The Republic of Bolivia took its name, as a token of gratitude, from Bolivar, the great Liberator. Since his time, from 1825 to 1913, it has had seventy-one different presidents, an average of a little over one per annum, an indication either of an experimental outlook towards self-government or of chronic unrest, whichever way we may prefer to view it. It is difficult for a European to comprehend the disabilities and difficulties of such a community, and criticism is easy. But we may again reflect that their future lies before these remote States, and that their human vitality and natural resource are storehouses for the future, not depleted or derelict.

To the observant foreigner perhaps the most interesting human element in the Andes is that of the Indians. They are the true children of the soil, Nature's product unadulterated, the specimen of her human handiwork in this special environment. They hide nothing, they expect nothing from her. But if the future lies before them they are nevertheless obsessed with their past. They are a raza conquistada as their masters term them—a conquered race. They may not always be so. Different writers take different views of them.

In Peru the natives of these uplands are the Quechuas; in Bolivia, the Quechuas and the Aymaras. These two differ somewhat in their habits and temperament. There are, in addition, a number of savage tribes, mostly in the forested regions.

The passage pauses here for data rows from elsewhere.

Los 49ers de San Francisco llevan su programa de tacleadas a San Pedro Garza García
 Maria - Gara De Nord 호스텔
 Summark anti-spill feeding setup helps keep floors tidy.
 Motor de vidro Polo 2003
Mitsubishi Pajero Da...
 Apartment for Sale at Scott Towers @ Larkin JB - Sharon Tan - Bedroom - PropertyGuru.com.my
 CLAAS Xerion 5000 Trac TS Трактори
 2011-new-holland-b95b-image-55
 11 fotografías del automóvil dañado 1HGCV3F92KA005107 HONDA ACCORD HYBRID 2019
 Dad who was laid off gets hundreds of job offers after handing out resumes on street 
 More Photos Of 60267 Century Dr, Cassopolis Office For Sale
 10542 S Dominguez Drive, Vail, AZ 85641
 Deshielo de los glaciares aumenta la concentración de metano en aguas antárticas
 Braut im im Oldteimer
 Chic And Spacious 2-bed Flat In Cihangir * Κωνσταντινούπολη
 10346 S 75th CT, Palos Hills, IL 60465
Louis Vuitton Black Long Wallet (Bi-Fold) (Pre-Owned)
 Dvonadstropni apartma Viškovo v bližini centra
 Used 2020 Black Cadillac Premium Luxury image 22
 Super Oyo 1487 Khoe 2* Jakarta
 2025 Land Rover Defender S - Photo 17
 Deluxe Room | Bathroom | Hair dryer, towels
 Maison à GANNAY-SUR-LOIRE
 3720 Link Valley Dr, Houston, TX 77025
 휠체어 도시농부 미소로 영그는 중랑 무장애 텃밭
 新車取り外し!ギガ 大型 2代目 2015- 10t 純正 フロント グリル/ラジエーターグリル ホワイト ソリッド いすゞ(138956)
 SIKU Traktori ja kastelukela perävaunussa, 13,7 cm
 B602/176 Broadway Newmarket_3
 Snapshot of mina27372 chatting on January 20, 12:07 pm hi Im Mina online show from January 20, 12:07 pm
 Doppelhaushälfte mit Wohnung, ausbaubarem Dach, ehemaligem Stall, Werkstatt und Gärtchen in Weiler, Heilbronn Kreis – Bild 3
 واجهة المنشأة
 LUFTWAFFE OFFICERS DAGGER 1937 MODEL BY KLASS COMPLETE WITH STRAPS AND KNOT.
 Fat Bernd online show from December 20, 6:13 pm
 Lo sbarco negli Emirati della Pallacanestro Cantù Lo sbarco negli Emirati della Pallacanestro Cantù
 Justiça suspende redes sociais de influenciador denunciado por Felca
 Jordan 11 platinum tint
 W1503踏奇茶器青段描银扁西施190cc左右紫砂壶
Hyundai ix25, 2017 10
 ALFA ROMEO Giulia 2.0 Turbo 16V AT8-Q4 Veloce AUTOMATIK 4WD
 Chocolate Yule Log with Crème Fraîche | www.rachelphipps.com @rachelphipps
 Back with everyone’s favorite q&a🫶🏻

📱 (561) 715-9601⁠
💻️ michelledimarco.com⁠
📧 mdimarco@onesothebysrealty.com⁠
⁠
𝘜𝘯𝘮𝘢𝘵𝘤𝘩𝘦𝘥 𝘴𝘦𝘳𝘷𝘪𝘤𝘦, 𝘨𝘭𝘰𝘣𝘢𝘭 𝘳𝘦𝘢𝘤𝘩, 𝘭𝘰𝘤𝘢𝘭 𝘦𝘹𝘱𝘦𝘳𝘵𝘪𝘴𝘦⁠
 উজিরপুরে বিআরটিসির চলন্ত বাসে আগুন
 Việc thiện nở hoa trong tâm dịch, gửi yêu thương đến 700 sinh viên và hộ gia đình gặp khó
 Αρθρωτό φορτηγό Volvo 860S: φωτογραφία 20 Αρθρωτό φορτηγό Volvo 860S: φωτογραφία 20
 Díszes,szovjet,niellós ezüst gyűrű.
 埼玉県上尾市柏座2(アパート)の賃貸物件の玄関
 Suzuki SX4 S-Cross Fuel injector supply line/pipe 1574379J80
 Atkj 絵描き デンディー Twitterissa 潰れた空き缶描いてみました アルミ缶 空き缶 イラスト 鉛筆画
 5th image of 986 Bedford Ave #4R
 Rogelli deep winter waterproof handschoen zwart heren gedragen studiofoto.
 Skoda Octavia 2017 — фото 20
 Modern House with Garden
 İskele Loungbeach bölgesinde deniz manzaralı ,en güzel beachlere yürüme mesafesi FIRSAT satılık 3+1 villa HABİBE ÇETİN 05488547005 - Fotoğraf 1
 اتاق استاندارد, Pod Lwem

"The Aymaras, one of the principal ethnical elements of the Bolivian nation, are found in the north, as far as Peruvian territory, on the banks, islands and peninsulas of Lake Titicaca, and on the plateau as far south as Oruro. The Quechuas occupy the south and the north of the Argentine.

"Between these two races there is a difference of type and a greater difference of character. The Aymara is a little above the average height, has the chest strongly developed, the calves powerful, and the feet small. The features are not on the whole attractive; they are prominent, and indicative neither of intelligence nor goodwill. The head is large, the neck short and thick, the cheeks wide, the nose massive; the eyes are small, the mouth wide, and the lips thick. The colour is coppery or an olive-brown, varying with the altitude. The hair is black, thick and strong, but the beard is absolutely lacking.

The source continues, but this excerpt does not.